Small investors readjust after market gyrations

Written by New York Times | Updated: Aug 14 2011, 04:52am hrs
Small investors faith in the stock market is being tested again. After the market rout of 2008 that drastically shrank their retirement nest eggs, small investors withdrew hundreds of billions of dollars from American stock funds, and they kept bolting as the market rebounded sharply for much of last year.

But earlier this year, having missed out on last years gains, some investors began to tiptoe back in. The timing for those people was off, and now they are being buffeted by the steep drops on Wall Street or bailing altogether. Still others who have been holding on in recent years have had enough.

Lin Hersh, a 61-year-old small-business owner in Bearsville, New York, about two hours north of New York City, called up her stock broker two weeks ago and gave the order to sell everything. She dumped nearly all of her individual equities and her stock mutual funds, moving almost completely into cash. Hersh is haunted by the market plunge of 2008, when her $432,000 in savings dwindled to $150,000.

What Ive got left after the last downturn is about a third of what I started out with and Im not in the mood to play anymore, she said.

Pointing to the weak American economy and concerns about Europe, Hersh said she would most likely steer clear of stocks through the end of this year. I dont think theres a reason to buy on the dip because the dip isnt done, she added.

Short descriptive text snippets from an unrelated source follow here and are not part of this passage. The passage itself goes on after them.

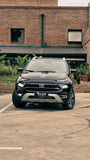 Fiat Toro Volcano 2.0 4x4 AT 2023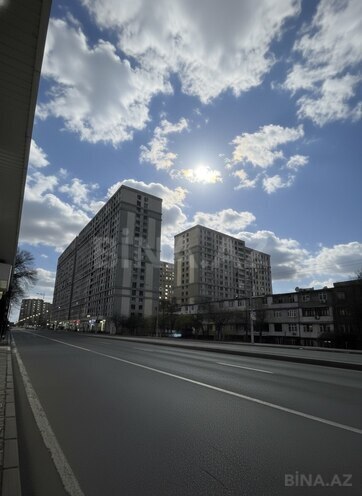 Satılır 2 otaqlı yeni tikili 55 m², Xətai r., photo 13 from 19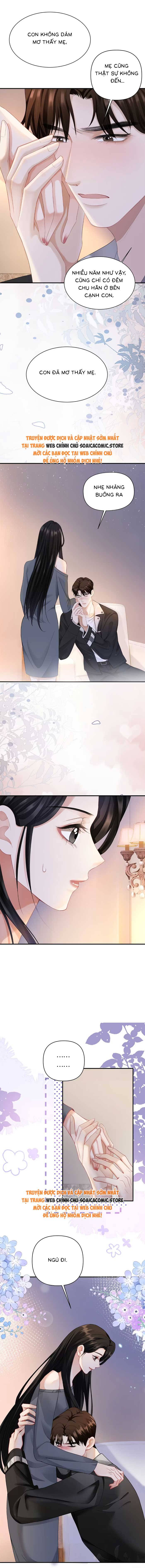 Ninita Yêu Dấu - Phần 2 Chap 1660.4 - Next Chap 1661.4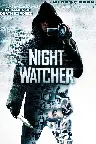 Night Watcher Screenshot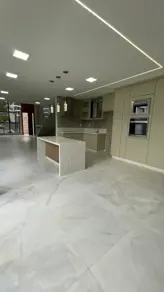 Imagem 3 - Casa em Jardim Vitoria, Santana do Paraíso - MG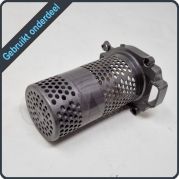 Dyson V10 sv12 sv27 motorbehuizing printplaatbehuizing gebruikt 06911915
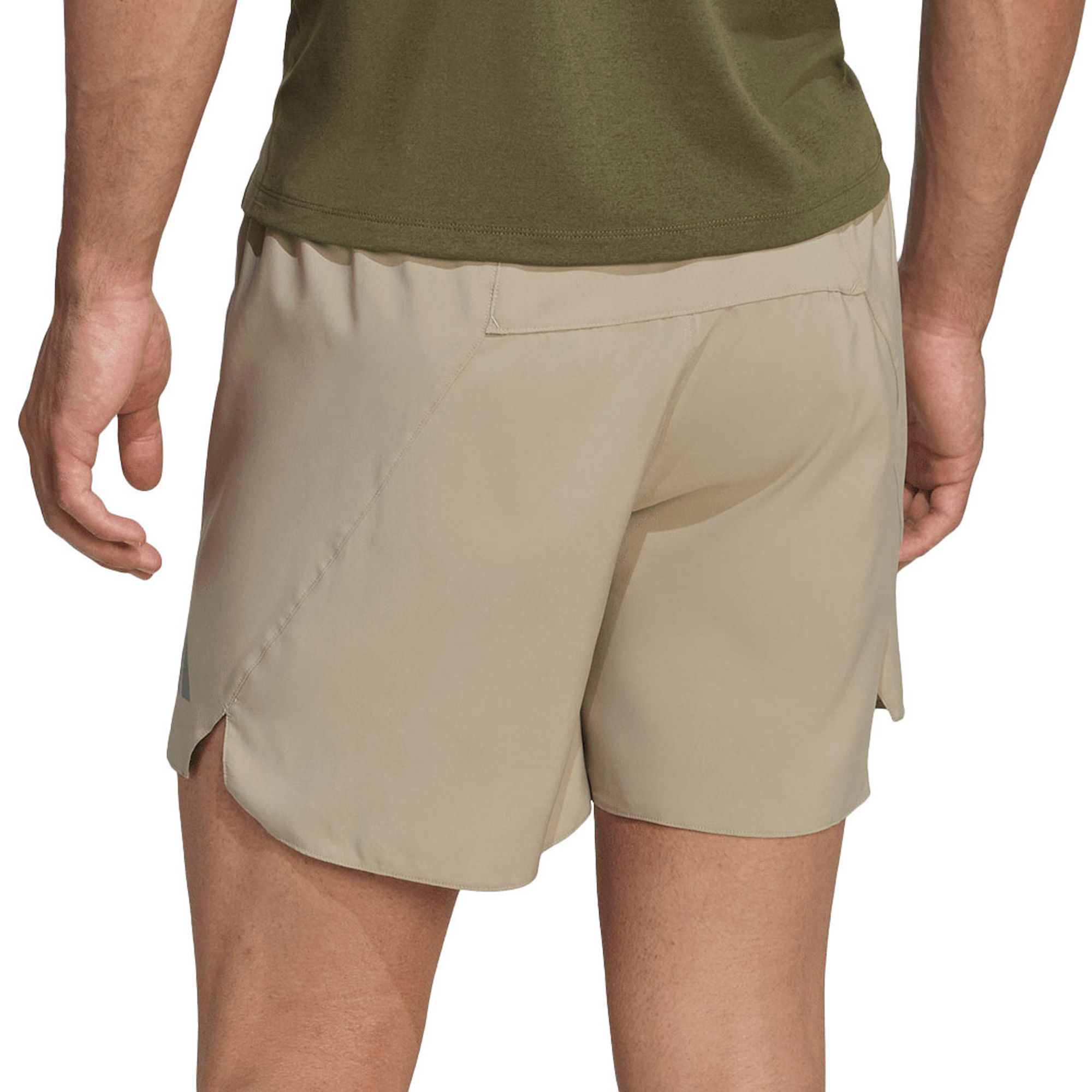 Adidas adi365 Essentials Short Heren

Small investors provide the bedrock for the United States stock market through their mutual funds, 401(k) plans and other company-sponsored retirement programmes. Many have called their stock brokers and financial advisers in recent days, seeking advice or reassurance that their retirements and savings would survive the dives.

The vast majority of small investors have a long-term strategy and are sitting tight. They are

not dumping their stocks or mutual funds and, in many cases, continue to pump money into their retirement accounts through employer-sponsored investment plans.

But even before the latest market turmoil, some investors began to look for the exit doors. More than $10 billion was pulled from domestic stock funds in the week that ended August 3, according to the Investment Company Institute. Those levels are double what they were in early July.

And Charles Biderman, the chief executive of TrimTabs Investment Research, estimated that investors probably pulled out another $9 billion this week while the market gyrated wildly.

Many investors expect continued troubles for stocks. An online survey of investor sentiment this week by the American Association of Individual Investors said that 44% of respondents were bearish, expecting the stock market to fall further over the next six months. While that was actually improved from the prior week, it remains well above the surveys historical bearish readings of about 30%.

When it comes to domestic stock funds, which manage $4.4 trillion in assets, there have been many more bears than bulls. Those mutual funds have had four consecutive years of outflows, with investors redeeming $448 billion and putting in $104 billion, according to the Investment Company Institute. In contrast with these longer-term investors, rapid traders have been keen on gambling as Wall Street gyrates.

TD Ameritrade, the online brokerage firm, reported that trading volumes soared into record territory this week as investors clattered and clicked away on their computers. On Monday, when the stock market fell over 600 points, TD Ameritrade processed 900,000 trades, up from an average of 365,000. Were seeing a lot of new accounts opening and new asset inflows. People are looking for a bottom, said Nicole Sherrod, a managing director of the trader group at TD Ameritrade.

After years of underperformance or losses, some investors are questioning whether the long-term outlook that has been drilled into them by Wall Street financial advisers and professionals is really the best advice. My wife followed the advice of a financial adviser and she would have been better off putting her money under the mattress. They did nothing but lose money for her over 20 years, said Adam Corson-Finnerty, a 67-year-old fund-raiser for the New Jersey Audubon.

Some investors fear that the markets have become dominated by high-frequency traders who blitzing in and out of stocks, or by sophisticated hedge funds running mind-bending algorithmic trading programs that can outsmart the ordinary investor. These people said they feel that the game is rigged and they are the fool.